::: Exercise inputs :::

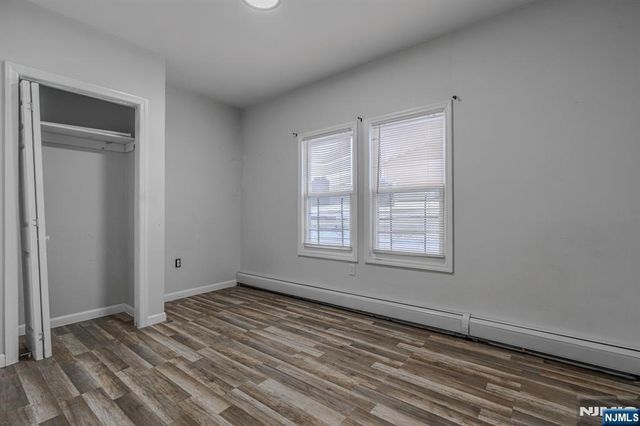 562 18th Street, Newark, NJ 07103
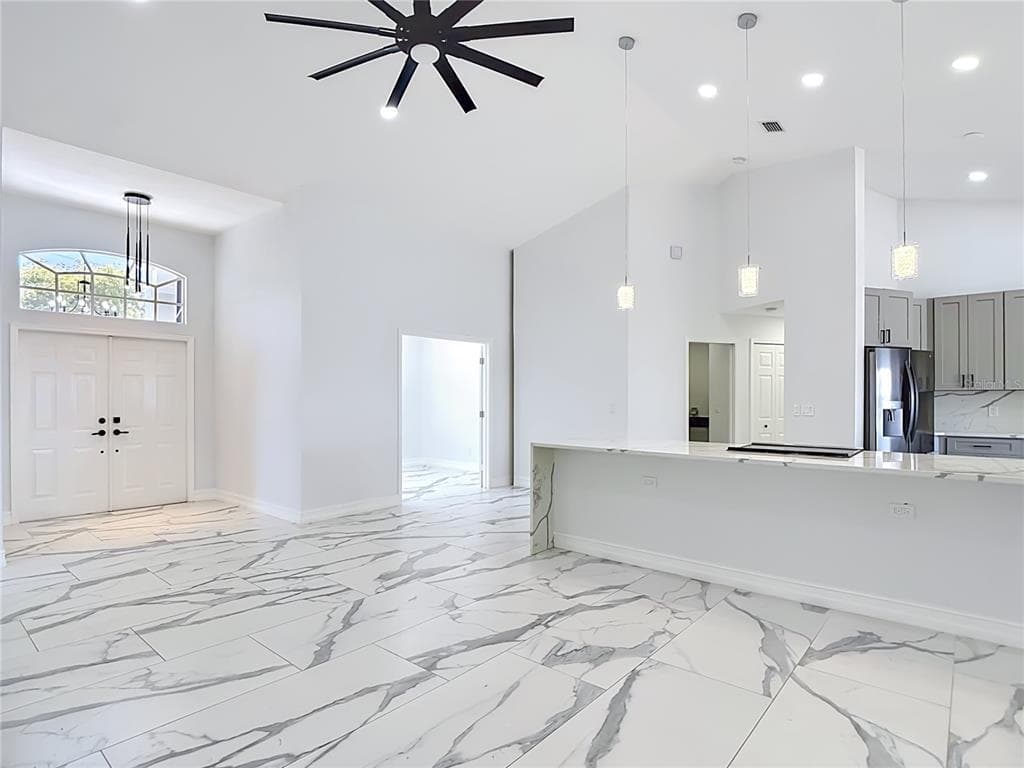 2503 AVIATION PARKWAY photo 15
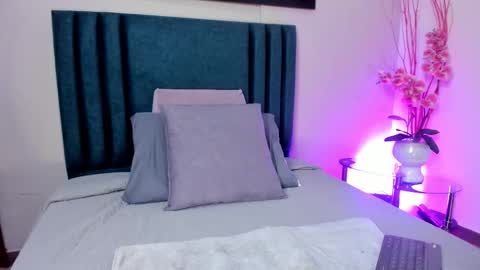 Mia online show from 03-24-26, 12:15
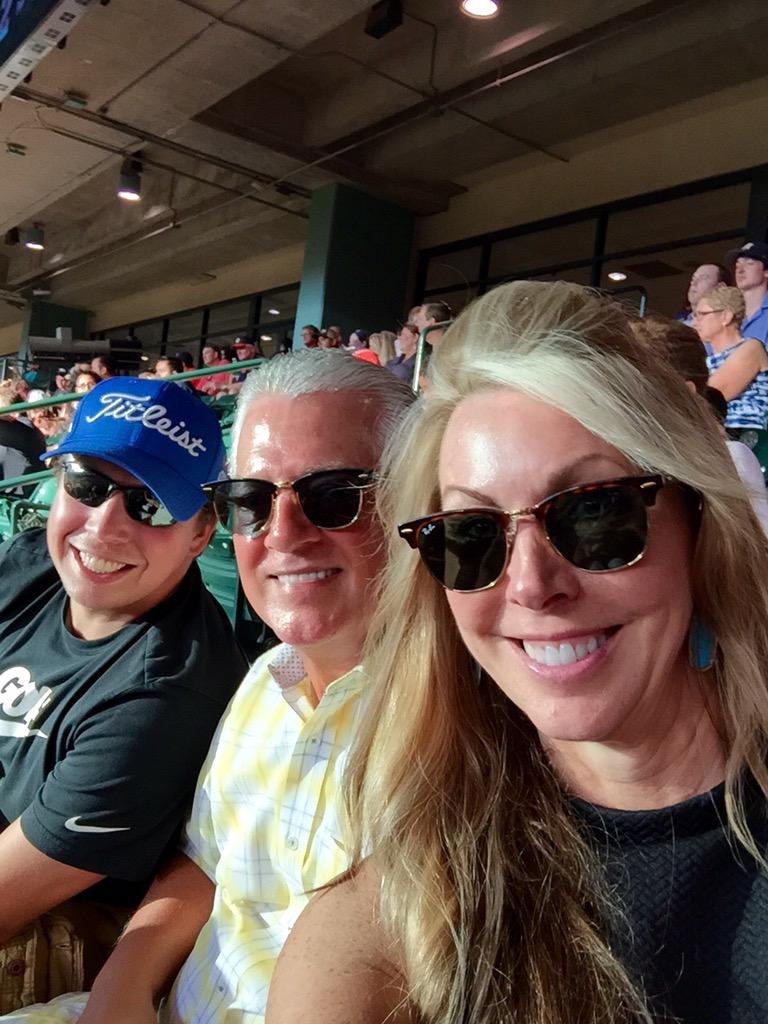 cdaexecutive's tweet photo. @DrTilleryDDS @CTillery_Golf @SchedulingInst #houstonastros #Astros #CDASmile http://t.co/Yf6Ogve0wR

:::
::: Exercise inputs :::

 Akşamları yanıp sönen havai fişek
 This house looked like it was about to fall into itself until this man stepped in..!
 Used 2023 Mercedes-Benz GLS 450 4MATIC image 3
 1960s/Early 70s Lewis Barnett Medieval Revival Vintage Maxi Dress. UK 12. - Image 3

:::

## Work instruction:
Within the listing above, copy exactly the lines that start at the one with "562 18th Street, Newark, NJ 07103" and continue through the one with "cdaexecutive's tweet photo.". Omit pictures.

## Worked solution:
 562 18th Street, Newark, NJ 07103
 2503 AVIATION PARKWAY photo 15
 Mia online show from 03-24-26, 12:15
 cdaexecutive's tweet photo. @DrTilleryDDS @CTillery_Golf @SchedulingInst #houstonastros #Astros #CDASmile http://t.co/Yf6Ogve0wR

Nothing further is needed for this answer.